Every vote could make a difference in the race for Searchlight justice of the peace, where 26 votes separated the same two candidates in 2010.
Richard Hill won the general election that year with 224 votes, while opponent David Thompson had 198 votes.
This year, the two men edged out a third candidate in the primary for the chance to face off again in the general election. As in the 2010 primary, Thompson was the top vote-getter.
Justices of the peace in rural areas need not have law degrees, and neither candidate has one.
"My commitment to the job is real," Hill said. "I've completed the required courses at the National Judicial College, as well as meeting the continuing education standards set by the Nevada Supreme Court."
Hill was employed by Southern California Edison for 23 years before he retired in 2006. The former shift supervisor had worked at the Mohave power-generating plant.
After his retirement, Hill began working as a substitute for Justice of the Peace Wendell Turner. After Turner's death in 2009, Hill filled the position for five months before the Clark County Commission appointed Stanton Colton. Colton lost in the 2010 primary.
The Nov. 6 election will determine who gets the seat for a full six-year term.
"I have a very personal commitment to Searchlight, being my home for 32 years," Hill said.
He said his commitment extends to the other communities served by the court: Cal-Nev-Ari, Palm Gardens and Cottonwood Cove.

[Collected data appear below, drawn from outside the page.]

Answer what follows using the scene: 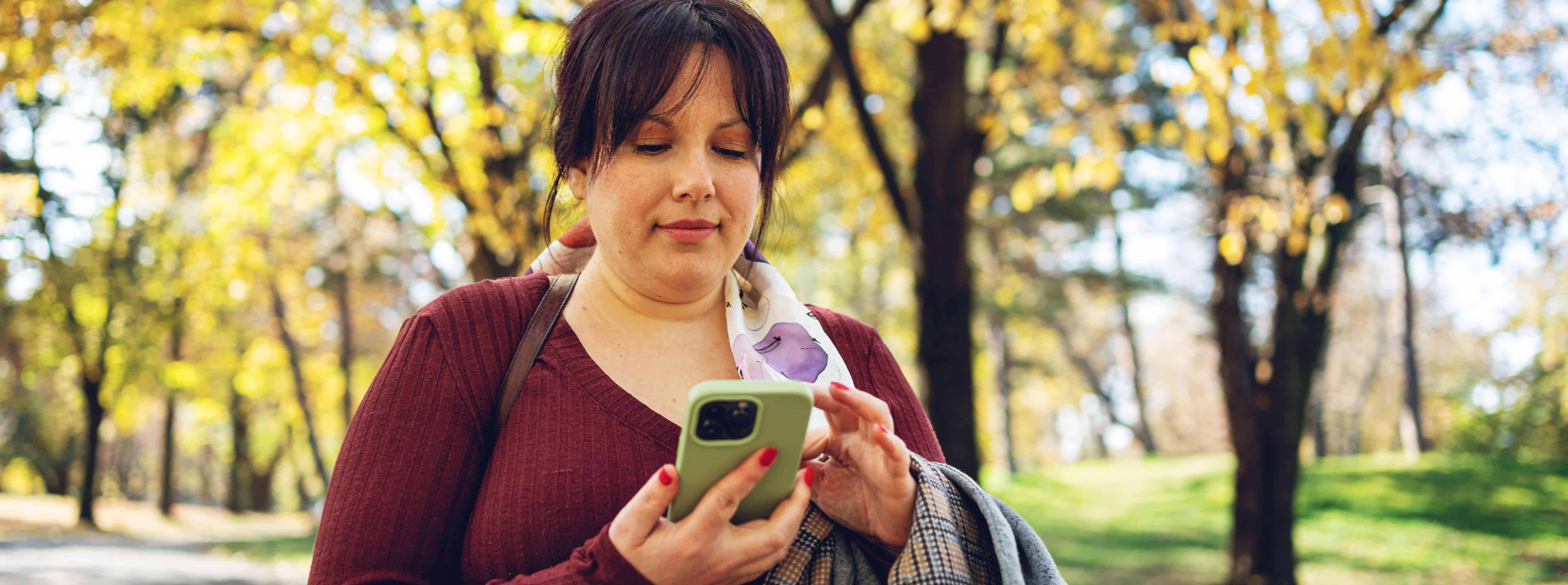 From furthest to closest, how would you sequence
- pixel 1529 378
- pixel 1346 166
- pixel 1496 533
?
1. pixel 1529 378
2. pixel 1496 533
3. pixel 1346 166

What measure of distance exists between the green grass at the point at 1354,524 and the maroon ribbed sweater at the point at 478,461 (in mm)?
10132

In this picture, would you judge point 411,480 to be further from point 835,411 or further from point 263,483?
point 263,483

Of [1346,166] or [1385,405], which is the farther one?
[1385,405]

Hill said he wants people to know that if they appear in his court, "I can assure them that they are treated with courtesy, and with dignity, and that they're heard, and that they're treated respectfully and fairly."
Thompson, a member of the Las Vegas police department for 25 years, has been serving Searchlight as a resident officer for more than two decades.
"I have that personal experience of how to apply the law and how to make things better for people," he said.
Thompson said he is the only candidate in the race who "has the experience and has the proven record of treating people fairly and protecting their rights under the law."
If elected justice of the peace, Thompson said, his goal would be "to stop allowing the big city district attorney's office to handle everything the way they would in Las Vegas."
In big cities, he explained, prosecutors try to expedite cases by resolving them with plea bargains.
"That doesn't always solve the problem," he said.
Thompson also wants to bring a drug court to Searchlight.